However (here’s the repetitive part), as Aquinas says, every law, in order to have the character of law, must be promulgated by a lawgiver. The Lawgiver of human nature is God, even if those moral laws can be rationally ascertained without reference to Him. Moral rules implanted in human nature by God actually do have a Lawgiver, and therefore have the true quality of law as such.

I think what your argument with Doug50 hinges upon is this idea: Let’s suppose moral laws within human nature are not implanted there by God’s creation of us, but are rather the naturalistic result of evolution purely (not even “guided” by supernatural creation). In that case, “law” seems to mean something different, something like “prescriptions for behavior which we commonly observe in humans.” If this is the case, where’s the normative authority?

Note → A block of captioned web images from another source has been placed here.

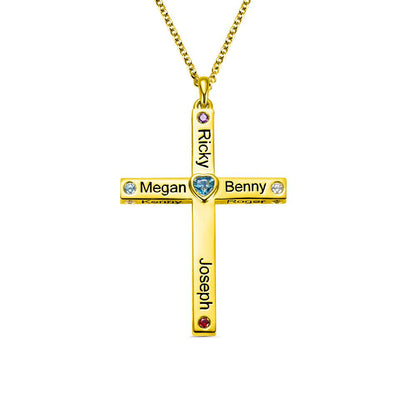 Personalized heart cross necklace in gold featuring names and birthstones, symbolizing faith and love, on a gold chain.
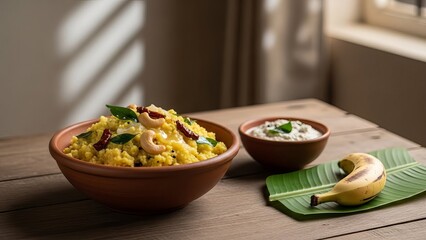 Nutritious Yellow Rice Dish with Banana and Chutney on a Rustic Table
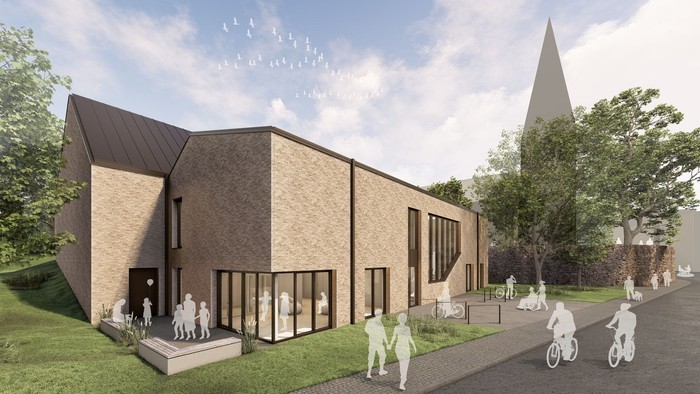 Dargestellt wird eine Skizze des geplanten neuen Gemeindehauses.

Yes, these prescriptions can be observed in human nature and should therefore be followed, even by those who do not believe in their supernatural cause. But it is precisely the supernatural cause which provides their character as moral laws, not just “things we observe about ourselves.”

You asked me earlier about how God “promulgates” these laws, since they are natural to us. Why would they need to be “promulgated”? So maybe “established” would be a better word.
 
In response, I’d pretty much state what I stated before. I’m not sure whether or not we are actually disagreeing, since I also believe that nature is the foundation of human morality and that objective moral truths can be rationally ascertained without benefit of theistic beliefs. If that is all you’re saying, then I agree.
that’s all i’m saying…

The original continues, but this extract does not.